TASK TO CARRY OUT:
Please reproduce the entries below exactly as they stand, but leave the pictures out.

• • • • • • •

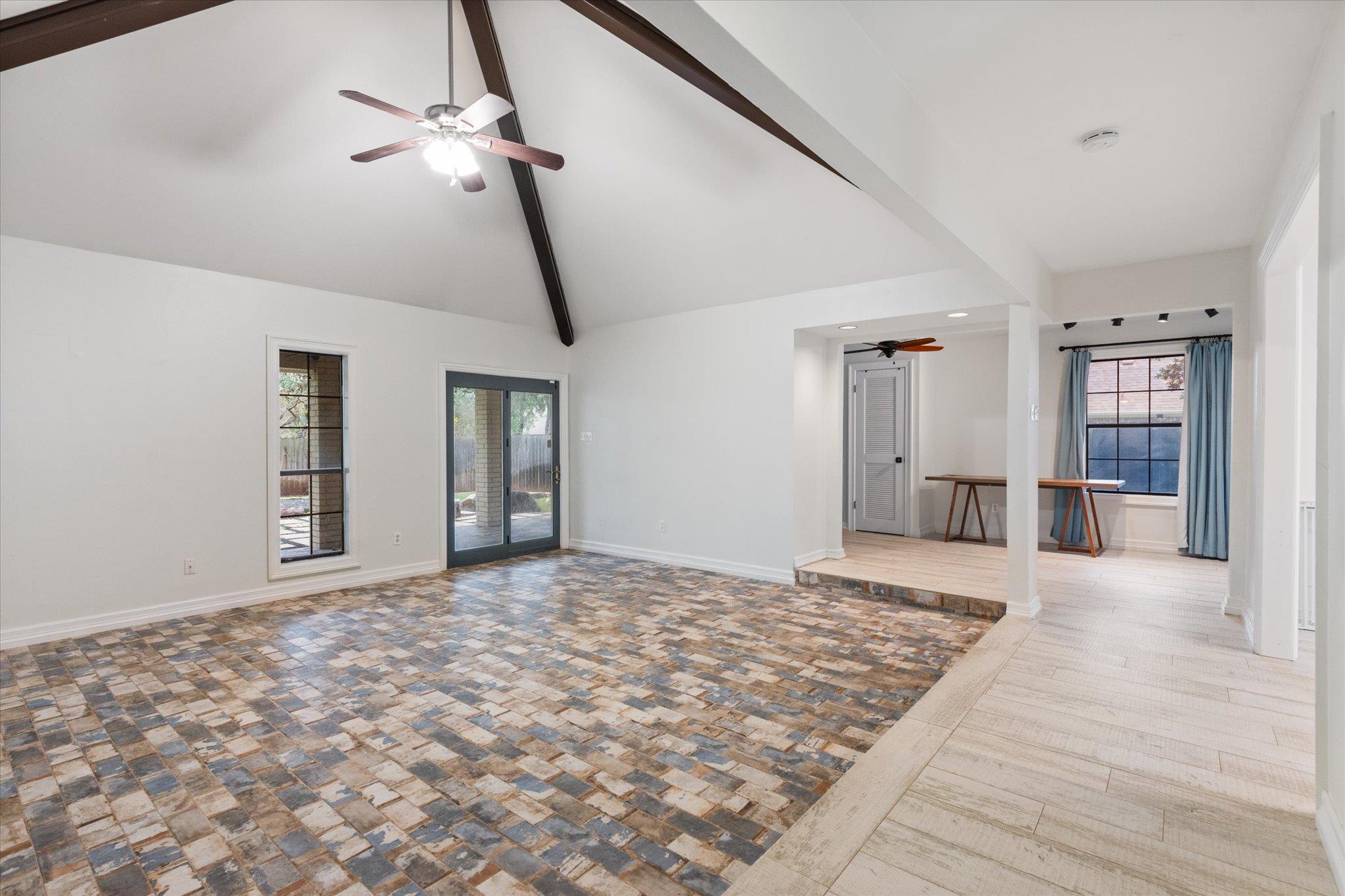 109 White Sands DR — photo 5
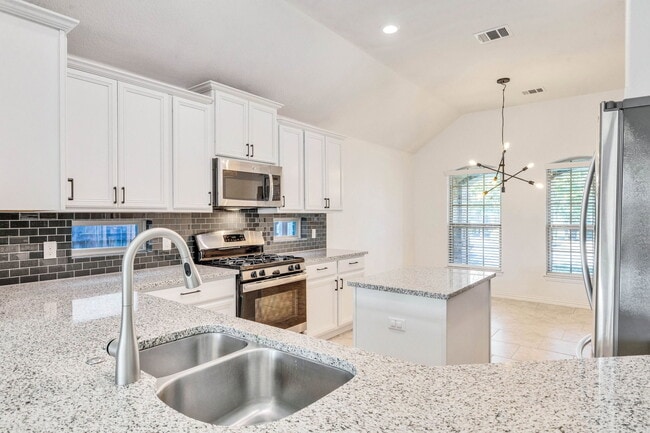 Building Photo - 120 Lily Turf Cove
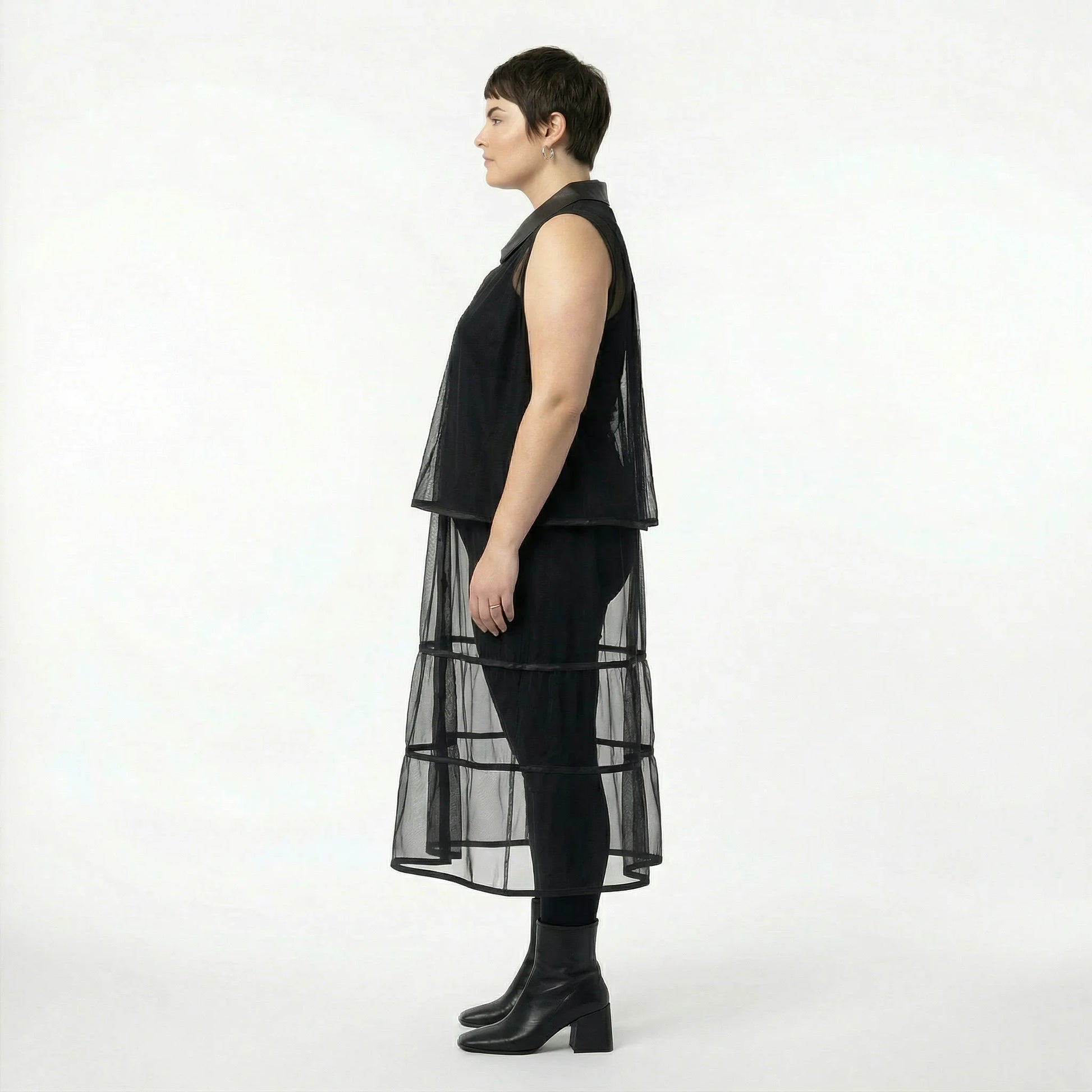  A-Form Weste von AKH Premium aus Materialmix, P1028.7120, Schwarz, Ausgefallen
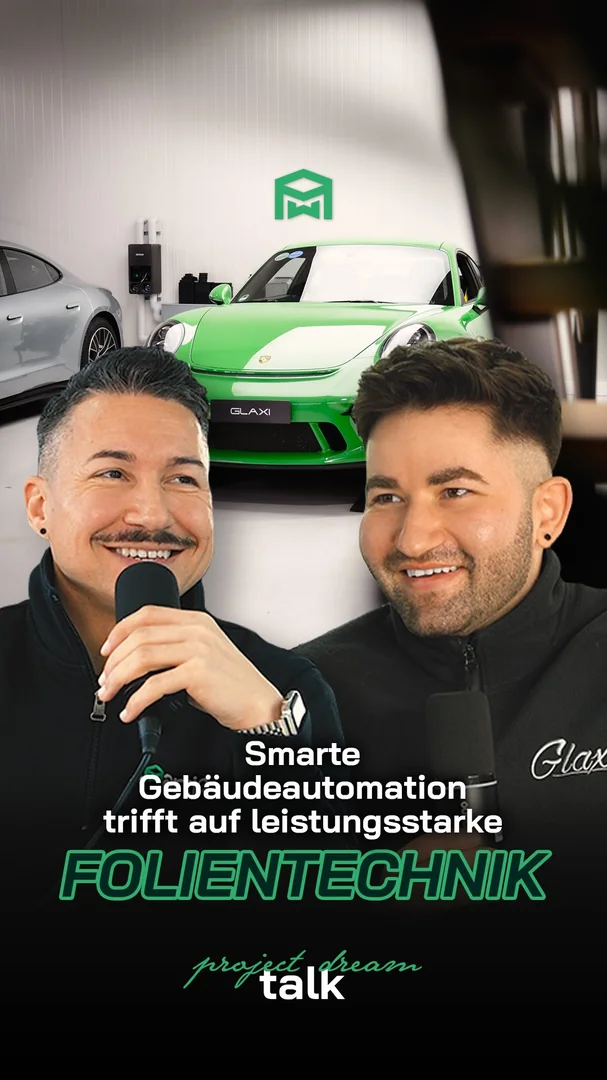 Originales Podcast-Vorschaubild mit zwei Gesprächspartnern und grünem Porsche in der GLAXI-Halle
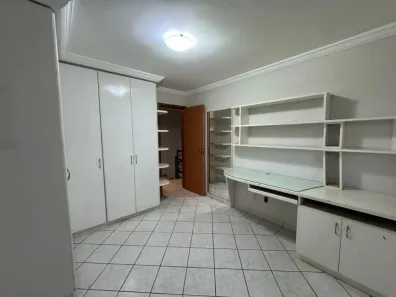 Casa de Condomínio com 3 Quartos à venda, 200m² no Vila São João, Goiânia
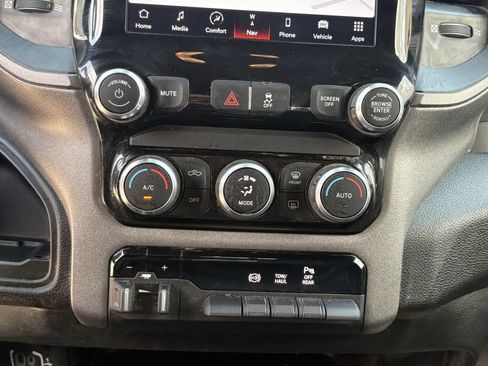 Used 2018 RAM 2500 Limited AWD/4WD image 21
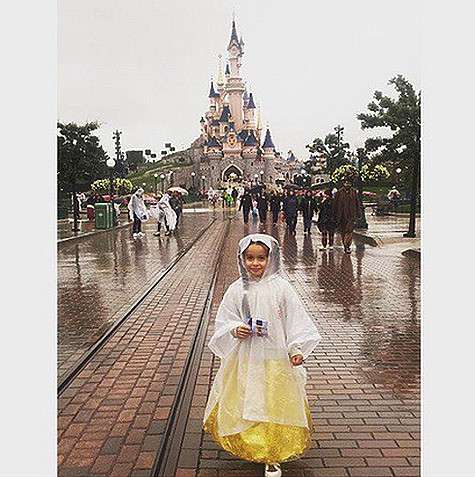 Ксения Бородина и Маруся отдыхают в «Диснейленде». Фото: Instagram.com/borodylia.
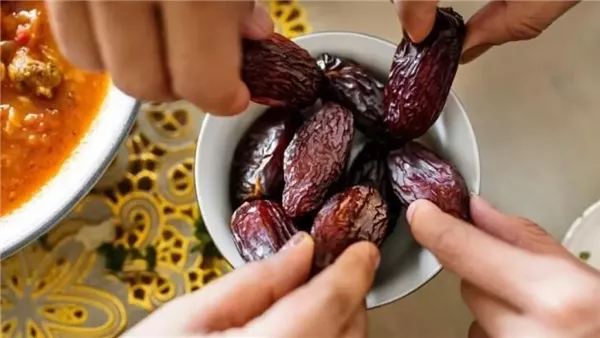 معهد التغذية: الإفطار التدريجي في رمضان يضمن الصحة والتمر يهيئ المعدة للطعام ( فيديو)
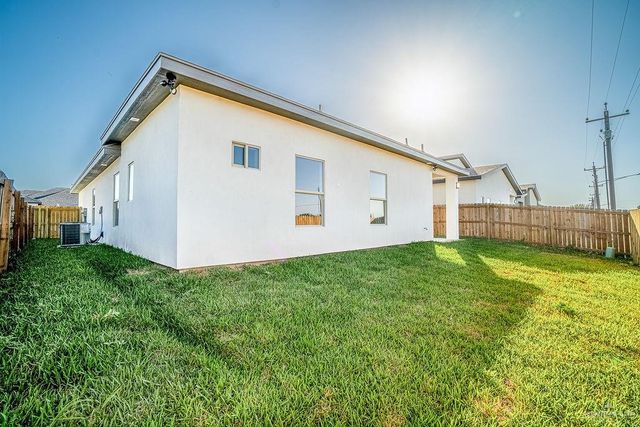 1013 E Costa Del Sol Avenue, Edinburg, TX 78542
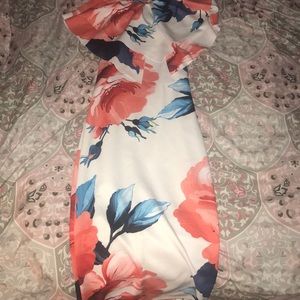 Auditions Halter Floral Dress w. Ruffles 👗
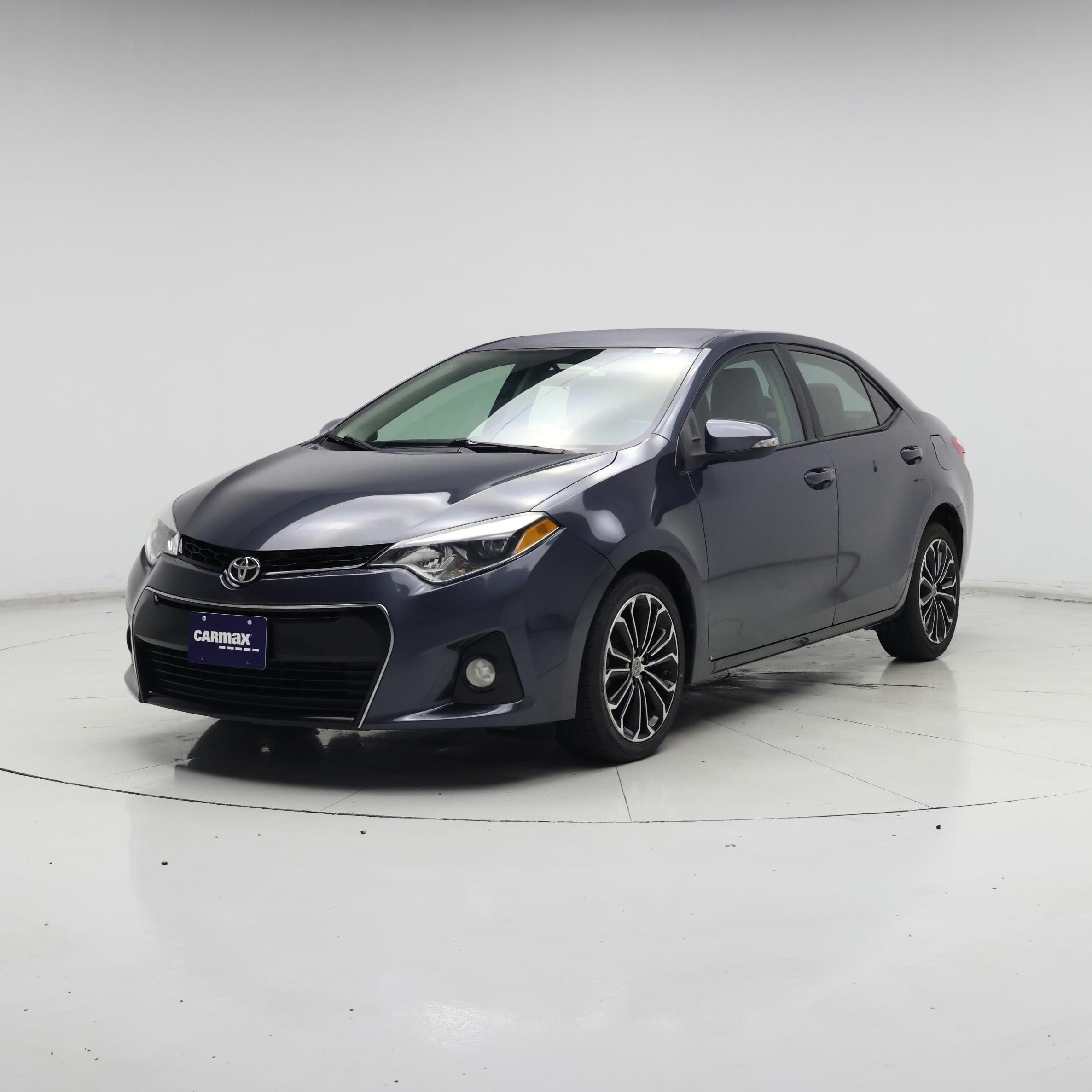 Thumbnail: 2015 Toyota Corolla - 4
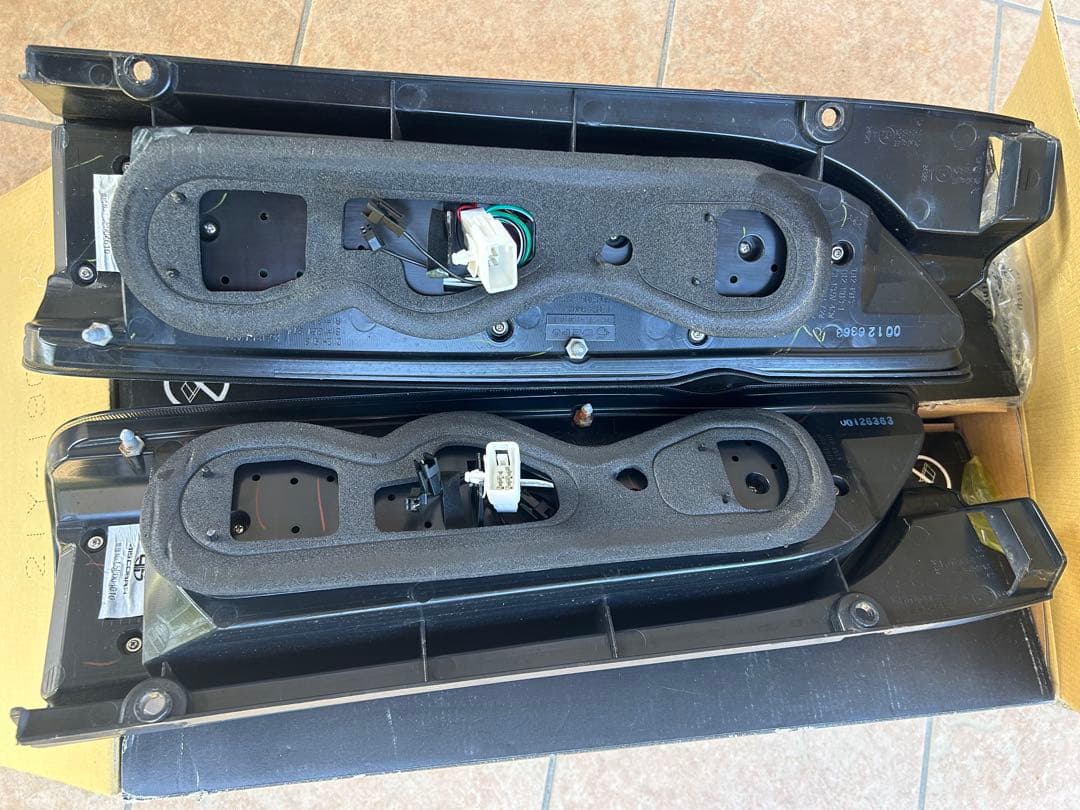 ハイエース 200系 テールランプ 415 COBRA FLEX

• • • • • • •

EXERCISE RESPONSE:
 109 White Sands DR — photo 5
 Building Photo - 120 Lily Turf Cove
  A-Form Weste von AKH Premium aus Materialmix, P1028.7120, Schwarz, Ausgefallen
 Originales Podcast-Vorschaubild mit zwei Gesprächspartnern und grünem Porsche in der GLAXI-Halle
 Casa de Condomínio com 3 Quartos à venda, 200m² no Vila São João, Goiânia
 Used 2018 RAM 2500 Limited AWD/4WD image 21
 Ксения Бородина и Маруся отдыхают в «Диснейленде». Фото: Instagram.com/borodylia.
 معهد التغذية: الإفطار التدريجي في رمضان يضمن الصحة والتمر يهيئ المعدة للطعام ( فيديو)
 1013 E Costa Del Sol Avenue, Edinburg, TX 78542
 Auditions Halter Floral Dress w. Ruffles 👗
 Thumbnail: 2015 Toyota Corolla - 4
 ハイエース 200系 テールランプ 415 COBRA FLEX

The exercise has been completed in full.